__What is being asked__: What are the lines, word for word, from the line with "HITCH F550 SD 08-17" up to and including the line with "KIEHL'S - Shampoo" in the records below? Omit the pictures.

__Data to use__:

------------------------------------------------------------

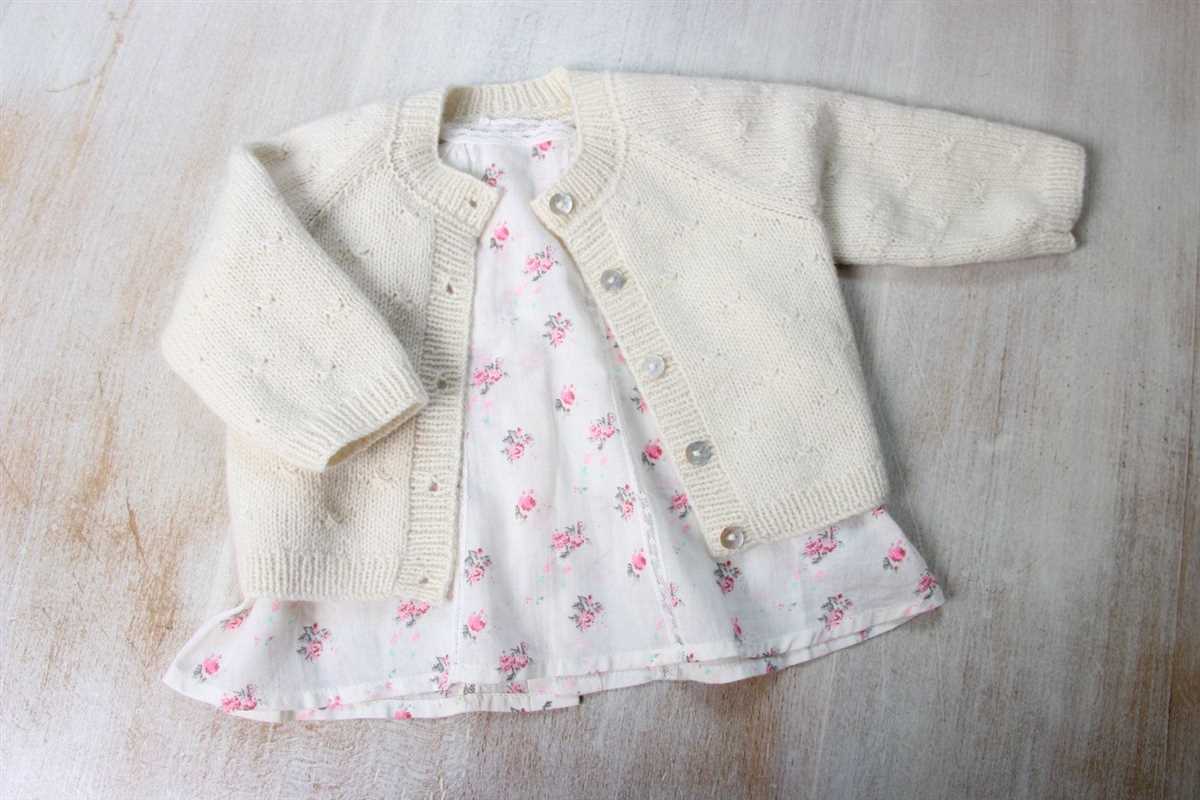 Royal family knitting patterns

------------------------------------------------------------

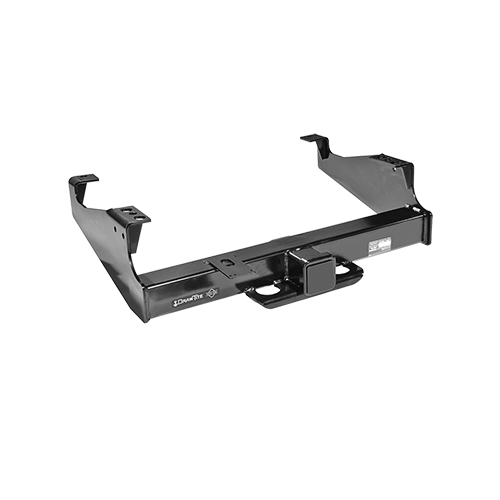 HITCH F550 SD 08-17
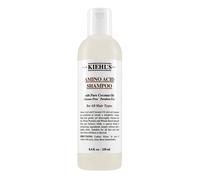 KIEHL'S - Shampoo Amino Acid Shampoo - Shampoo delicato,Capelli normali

------------------------------------------------------------

__Solved exercise__:
 HITCH F550 SD 08-17
 KIEHL'S - Shampoo Amino Acid Shampoo - Shampoo delicato,Capelli normali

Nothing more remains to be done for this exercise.